▶ YOUR ASSIGNMENT: Each and every line below goes into your answer unchanged, but leave out the images.

====== EXERCISE DATA ======

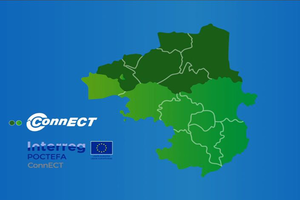 Cross-border bus services between Catalonia and the Pyrénées-Orientales Department made permanent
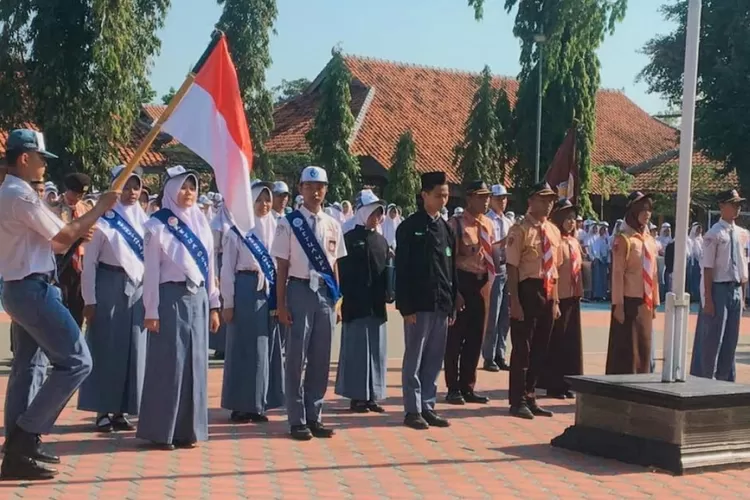 3 Daftar SMA Terbaik Di Kabupaten Pemalang Provinsi Jawa Tengah ...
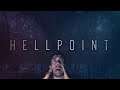 ☠ [Gameplay] Hellpoint PS4 Pro | Soulslike en colonia y con templarios que me petan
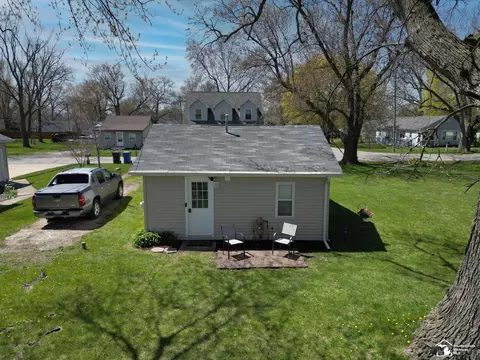 3025 Monrona, Monroe, MI 48162 photo 30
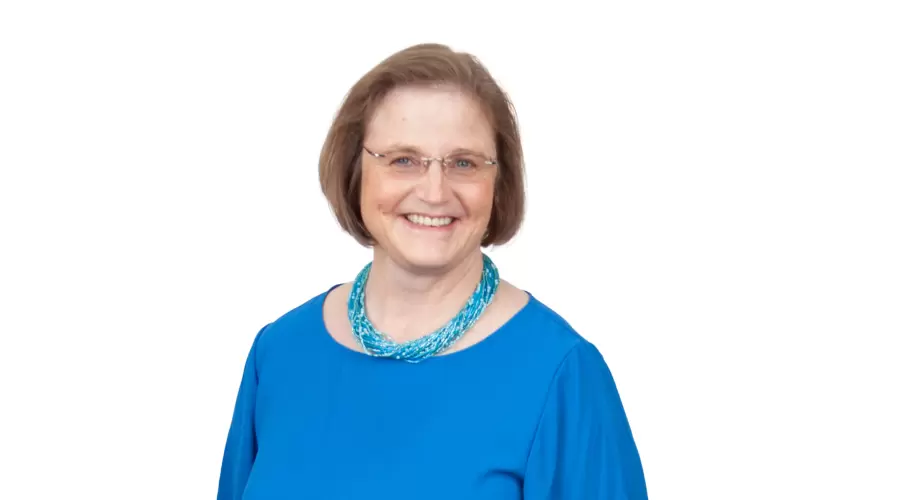 My Austin Agents Photo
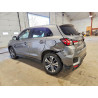 2022 MITSUBISHI OUTLANDER JA4ARUAU1NU018388 52568866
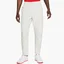 Штани чоловічі Nike Sportswear Essential White DD5207-072
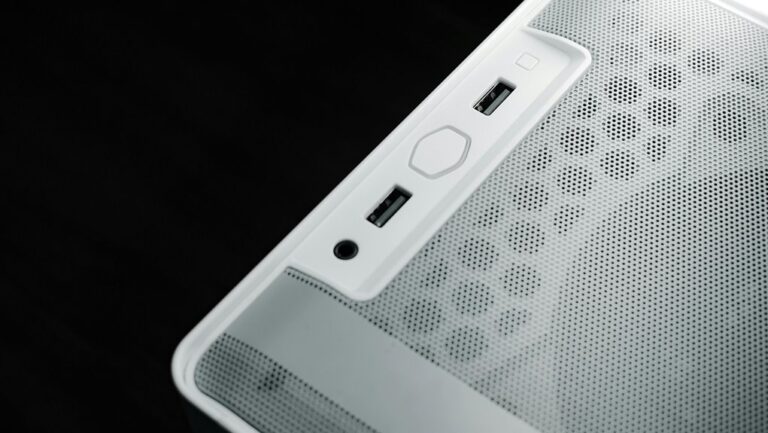 mini itx computer cases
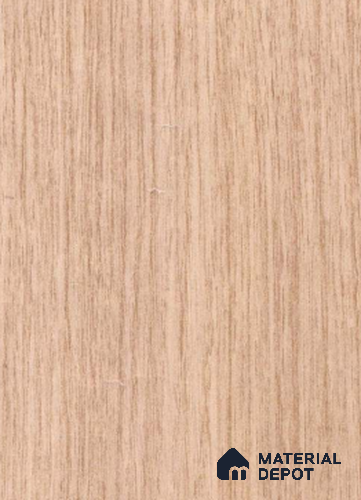 Wooden Look LM 04780 8 ft x 4 ft Texture Finish Decorative Laminate - 0.92 mm | Suitable for TV Unit, Wardrobe, Kitchen Cabinets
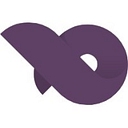 Favicon of Bestor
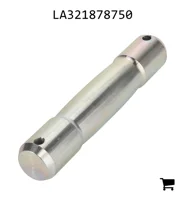 AGCO LA321878750 Палец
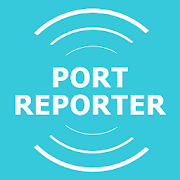 Port Reporter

======

▶ SOLUTION BELOW:
 Cross-border bus services between Catalonia and the Pyrénées-Orientales Department made permanent
 3 Daftar SMA Terbaik Di Kabupaten Pemalang Provinsi Jawa Tengah ...
 ☠ [Gameplay] Hellpoint PS4 Pro | Soulslike en colonia y con templarios que me petan
 3025 Monrona, Monroe, MI 48162 photo 30
 My Austin Agents Photo
 2022 MITSUBISHI OUTLANDER JA4ARUAU1NU018388 52568866
 Штани чоловічі Nike Sportswear Essential White DD5207-072
 mini itx computer cases
 Wooden Look LM 04780 8 ft x 4 ft Texture Finish Decorative Laminate - 0.92 mm | Suitable for TV Unit, Wardrobe, Kitchen Cabinets
 Favicon of Bestor
 AGCO LA321878750 Палец
 Port Reporter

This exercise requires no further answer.